__Task directions__
When you reach the line with "Picture 05 - 2" in the data below, begin printing lines exactly, and stop once the line with "Religion 531 - The Master's Course (eBook, ePUB) Religion" has been printed.

__Records__
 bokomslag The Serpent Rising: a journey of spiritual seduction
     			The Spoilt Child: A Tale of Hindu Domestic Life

==

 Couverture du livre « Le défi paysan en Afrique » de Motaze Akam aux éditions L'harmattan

---

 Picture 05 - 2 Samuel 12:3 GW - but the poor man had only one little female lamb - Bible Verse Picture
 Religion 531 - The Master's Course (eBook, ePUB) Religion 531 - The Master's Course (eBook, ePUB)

__The completed task__
 Picture 05 - 2 Samuel 12:3 GW - but the poor man had only one little female lamb - Bible Verse Picture
 Religion 531 - The Master's Course (eBook, ePUB) Religion 531 - The Master's Course (eBook, ePUB)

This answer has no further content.